Directions:
Reproduce the full listing below unchanged, apart from the pictures.

Given information:
....................

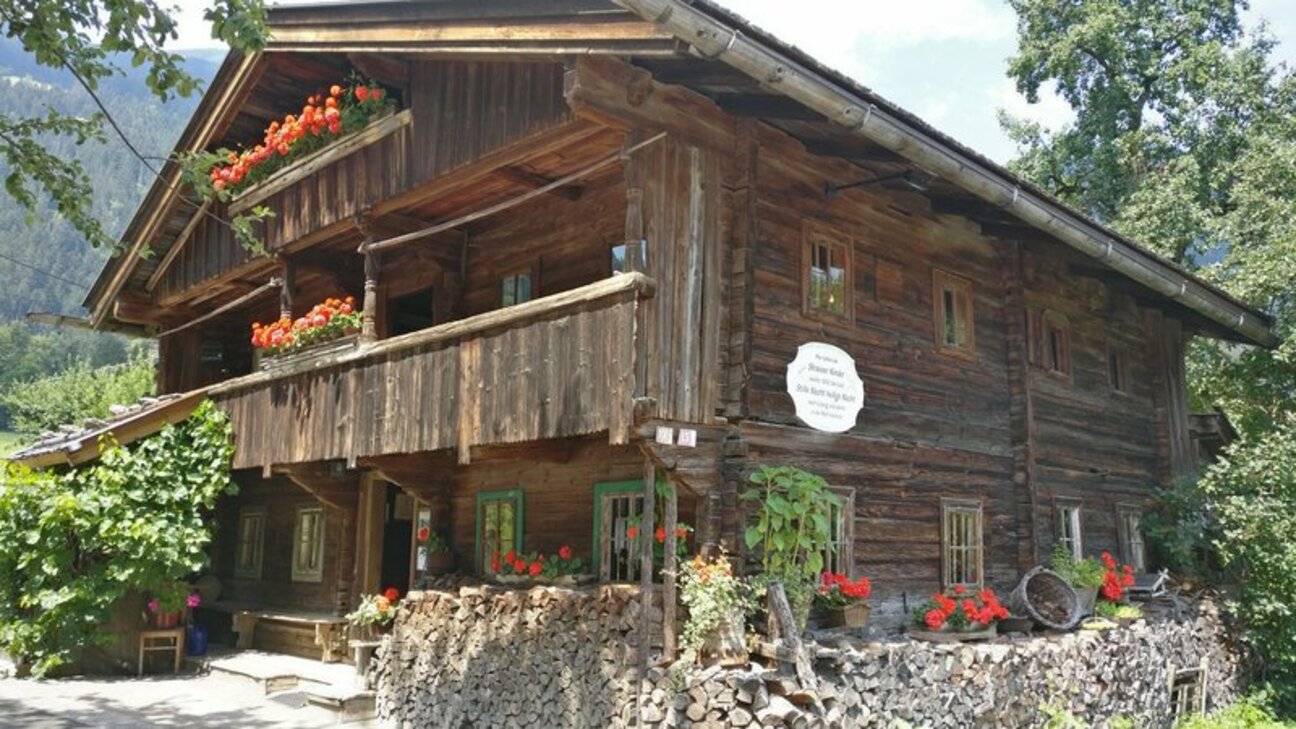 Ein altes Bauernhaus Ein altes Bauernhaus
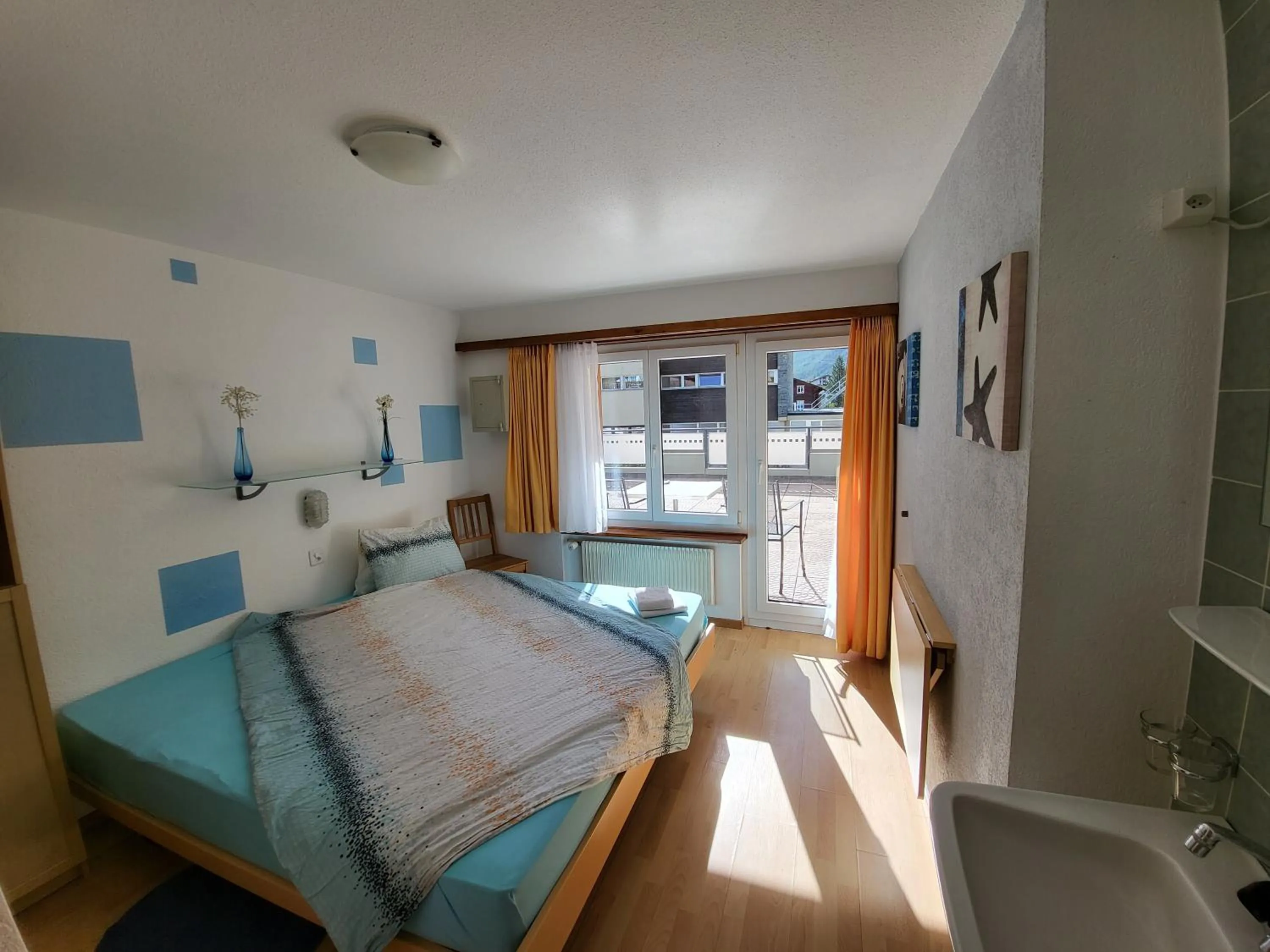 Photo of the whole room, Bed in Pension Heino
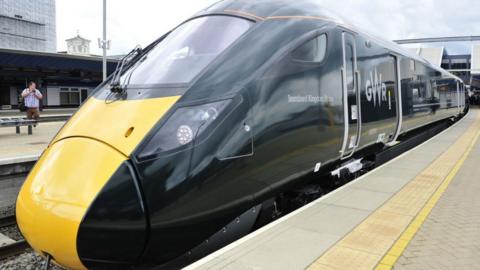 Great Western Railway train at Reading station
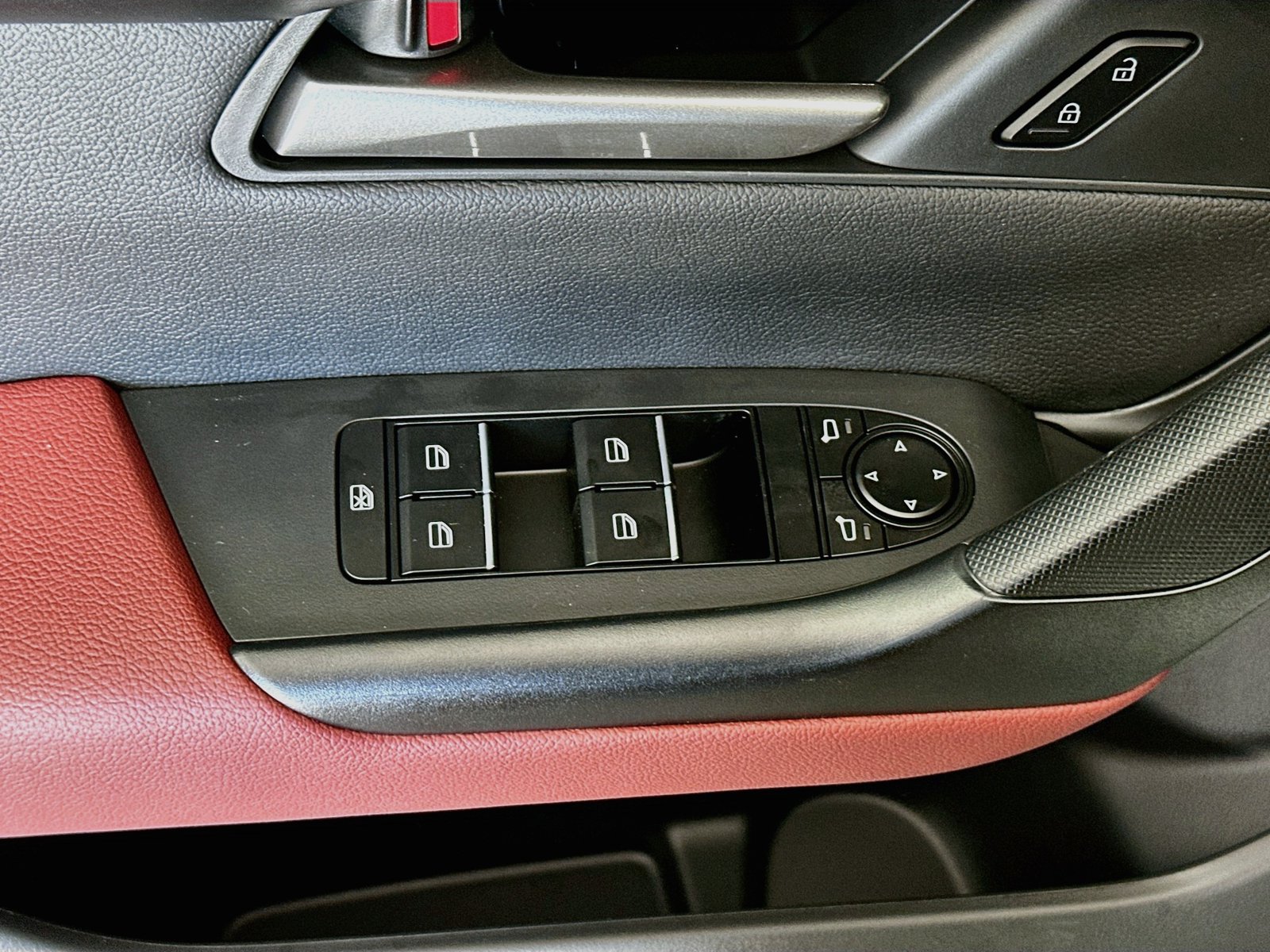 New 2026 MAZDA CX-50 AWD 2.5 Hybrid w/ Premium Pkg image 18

....................

Written response:
 Ein altes Bauernhaus Ein altes Bauernhaus
 Photo of the whole room, Bed in Pension Heino
 Great Western Railway train at Reading station
 New 2026 MAZDA CX-50 AWD 2.5 Hybrid w/ Premium Pkg image 18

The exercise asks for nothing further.